Arrumei as minhas coisas na cabine, que era um ovo, e logo conheci a minha “cabin mate”, com quem eu iria dividir o ovo. Na cabine havia um beliche, um pequeno armário, uma pia e um banheiro que era dividido com a cabine vizinha, ou seja, um banheiro para quatro pessoas (só descobri isso porque ao utilizá-lo a vizinha abriu a outra porta e me flagrou em uma situação bem constrangedora - que ótima primeira impressão!). Em seguida, tomei um banho, coloquei aquele uniforme que mais parecia uma fantasia e fui para o meu local de trabalho, o “Crew Mess”. Eu, pra variar, havia levado um “Scarpin” preto para trabalhar (pra quem não sabe, este é um salto alto de bico fino), o que foi motivo de muita risada. Não entendi o porquê na hora, mas de qualquer forma tive que comprar um novo par no almoxarife do navio, um tipo que parecia masculino, mas era antiderrapante, seguro e horrível.  O mais engraçado estava por vir – o momento em que começariam a me ensinar o trabalho (não é Bárbara? rs). Minhas atividades eram: manter as mesas, o chão e as linhas de buffet limpos, e manter vazios os “trolleys”, uma espécie de bandejeiro grande com rodinhas e pesado, onde a tripulação colocavam suas bandejas sujas depois de comerem. Foi isso o mais engraçado. Imagine, eu, desastrada como sou, ter que empurrar esses badejeiros de um lado para o outro do refeitório. E imagine agora, eu, com um salto alto de bico fino fazendo isso. Muito engraçado mesmo. 


Este é um vídeo mostra como são as cabines - by Barbara

         
                      Sapatos Scarpin                        Sapatos antiderrapantes do navio

Trolleys que tínhamos que empurrar (Sylvia e Barbara - Crew Mess)

Como a adaptação é uma habilidade do ser humano, logo me acostumei a lidar com os “trolleys”, depois de ter quebrados alguns copos e pratos, claro!

Trabalhei cerca de um mês e meio no Crew Mess, mais um mês e meio no Staff mês (que era um pouco melhor). Em seguida, finalmente fui para o Buffet dos passageiros e logo depois para o Café Piazza, onde era o melhor lugar para se trabalhar (se tratando da área de resturante). Lá era um local onde aconteciam vários shows. Um lugar muito agradável para trabalhar. Foi lá onde eu vi pela primeira vez um verdadeiro show de tango argentino. Realmente lindo!

      
Banda e dançarinos argentinos de tango.   

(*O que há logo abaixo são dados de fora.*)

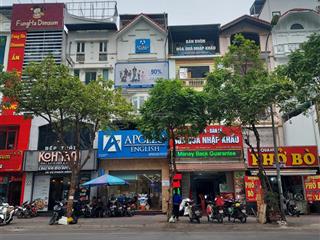 Chính chủ bán nhà mặt phố trần kim xuyến, yên hòa. dt 155m2, vị trí kinh doanh, nhỉnh 100 tỷ.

Difícil mesmo foi ter que se adaptar à falta de privacidade e liberdade, diferentes culturas e, principalmente, o excesso de horas trabalhadas. Chega uma hora que o corpo não agüenta, a imunidade cai e os problemas de saúde logo aparecem, sem falar no estado psicológico, que fica muito abalado.

Mas eu teria que permanecer a bordo pelos próximos seis meses, então não queria ficar reclamando e continuei a vida dura.

O bom era que havia alguns tipos de entretenimentos que nos permitia relaxar um pouco nas pouquíssimas horas vagas que tínhamos. Toda semana tinha um tipo de programação do tipo: dia de cinema, karaokê, disco, jogos, etc. A maior parte dessa programação acontecia do “Crew Bar”, lugar muito cobiçado pelos próprios passageiros, mas só era permitida a entrada de tripulantes, staffs e oficiais.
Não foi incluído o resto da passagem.